- Venue: Beijing National Aquatics Center
- Dates: 10 September
- Competitors: 16 from 12 nations
- Winning time: 53.37

Medalists
- 1st place, gold medalist(s):  / Charalampos Taiganidis / Greece
- 2nd place, silver medalist(s):  / Oleksii Fedyna / Ukraine
- 3rd place, bronze medalist(s):  / Danylo Chufarov / Ukraine

= Swimming at the 2008 Summer Paralympics – Men's 100 metre freestyle S13 =

The men's 100m freestyle S13 event at the 2008 Summer Paralympics took place at the Beijing National Aquatics Center on 10 September.
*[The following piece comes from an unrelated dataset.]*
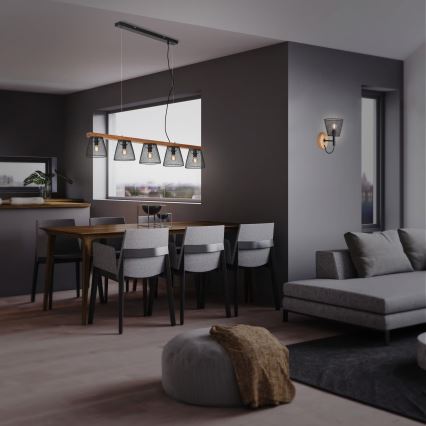 Briloner 4077-055 - Lampadario sospeso a cavo WOOD & STYLE 5xE14/25W/230V in legno di caucciù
There were two heats; the swimmers with the eight fastest times advanced to the final.

==Results==

===Heats===
Competed from 09:14.

====Heat 1====

| Rank | Name | Nationality | Time | Notes |
|---|---|---|---|---|
| 1 | Oleksii Fedyna | Ukraine | 54.86 | Q, PR |
| 2 | Carlos Farrenberg | Brazil | 54.97 | Q |
| 3 | Charl Bouwer | South Africa | 55.14 | Q |
| 4 | Daniel Clausner | Germany | 55.32 | Q |
| 5 | Dmytro Aleksyeyev | Ukraine | 55.88 |  |
| 6 | Daniel Simon | Germany | 57.98 |  |
| 7 | Dave Ellis | Great Britain | 58.72 |  |
| 8 | Andrea Palantrani | Italy | 1:00.12 |  |

====Heat 2====

| Rank | Name | Nationality | Time | Notes |
|---|---|---|---|---|
| 1 | Charalampos Taiganidis | Greece | 54.96 | Q |
| 2 | Dzmitry Salei | Belarus | 55.12 | Q |
| 3 | Danylo Chufarov | Ukraine | 55.14 | Q |
| 4 | Andrey Strokin | Russia | 55.29 | Q |
| 5 | Robert Doerries | Germany | 57.19 |  |
| 6 | Martin Stepanek | Czech Republic | 57.67 |  |
| 7 | Daniel Sharp | New Zealand | 58.85 |  |
| 8 | Brian Hill | Canada | 59.80 |  |

===Final===
Competed at 17:11.

| Rank | Name | Nationality | Time | Notes |
|---|---|---|---|---|
| 1st place, gold medalist(s) | Charalampos Taiganidis | Greece | 53.37 | WR |
| 2nd place, silver medalist(s) | Oleksii Fedyna | Ukraine | 54.11 |  |
| 3rd place, bronze medalist(s) | Danylo Chufarov | Ukraine | 54.26 |  |
| 4 | Dzmitry Salei | Belarus | 54.67 |  |
| 5 | Carlos Farrenberg | Brazil | 54.70 |  |
| 6 | Charl Bouwer | South Africa | 54.99 |  |
| 7 | Andrey Strokin | Russia | 55.19 |  |
| 8 | Daniel Clausner | Germany | 55.54 |  |

Q = qualified for final. WR = World Record. PR = Paralympic Record.